Error in cupy when using GPU for training a text classifier: "cannot overload functions distinguished by return type alone"

I tried to run a modified version of the example given in Adding a text classifier to a spaCy model with a GPU to speed up training. The original source code and mine differ as follows:

Line 1: #!/usr/bin/env python3 instead of #!/usr/bin/env python
Line 12: Remove from __future__ import unicode_literals, print_function
Line 58: optimizer = nlp.begin_training(device=0) instead of optimizer = nlp.begin_training()

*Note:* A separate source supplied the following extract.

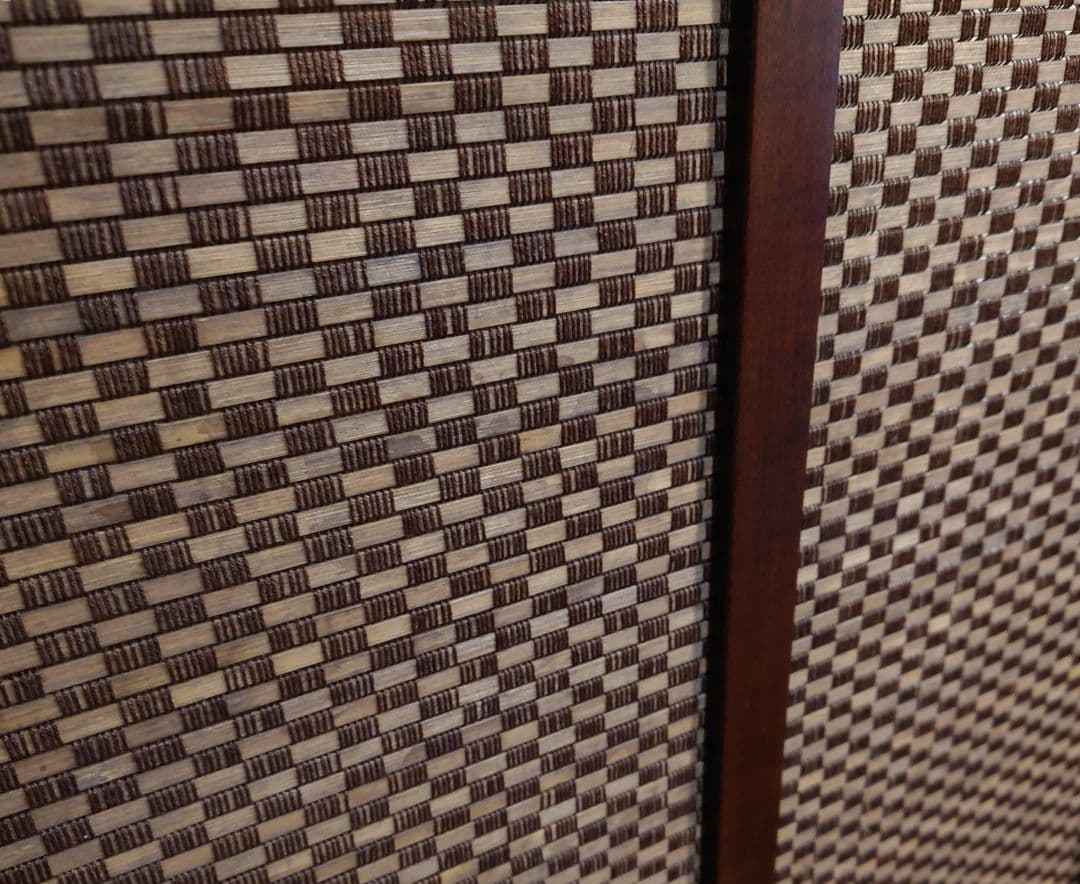 スクリーン　和風モダンパーテーション　3連屏風　変わり織り竹簾使用訳アリ特価　②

Please see the last section "Modified script" in this issue for the modified script.

For the output of the modified script see the section "Output of the modified script" below. Thanks for your help!

Your Environment

spaCy version: 2.0.5
Platform: Linux-4.4.0-1022-aws-x86_64-with-debian-stretch-sid
Python version: 3.6.3
CuPy version: 2.2.0

Output of nvcc --version:

nvcc: NVIDIA (R) Cuda compiler driver
Copyright (c) 2005-2017 NVIDIA Corporation
Built on Fri_Sep__1_21:08:03_CDT_2017
Cuda compilation tools, release 9.0, V9.0.176

Output of the modified script

Created blank 'en' model
Loading IMDB data...
Downloading data from http://ai.stanford.edu/~amaas/data/sentiment/aclImdb_v1.tar.gz
84000768/84125825 [============================>.] - ETA: 0sUntaring file...
Using 2000 examples (1600 training, 400 evaluation)
Traceback (most recent call last):
  File "/home/ubuntu/anaconda3/envs/mh-nlp-experiments/lib/python3.6/site-packages/cupy/cuda/compiler.py", line 229, in compile
    nvrtc.compileProgram(self.ptr, options)
  File "cupy/cuda/nvrtc.pyx", line 98, in cupy.cuda.nvrtc.compileProgram
  File "cupy/cuda/nvrtc.pyx", line 108, in cupy.cuda.nvrtc.compileProgram
  File "cupy/cuda/nvrtc.pyx", line 53, in cupy.cuda.nvrtc.check_status
cupy.cuda.nvrtc.NVRTCError: NVRTC_ERROR_COMPILATION (6)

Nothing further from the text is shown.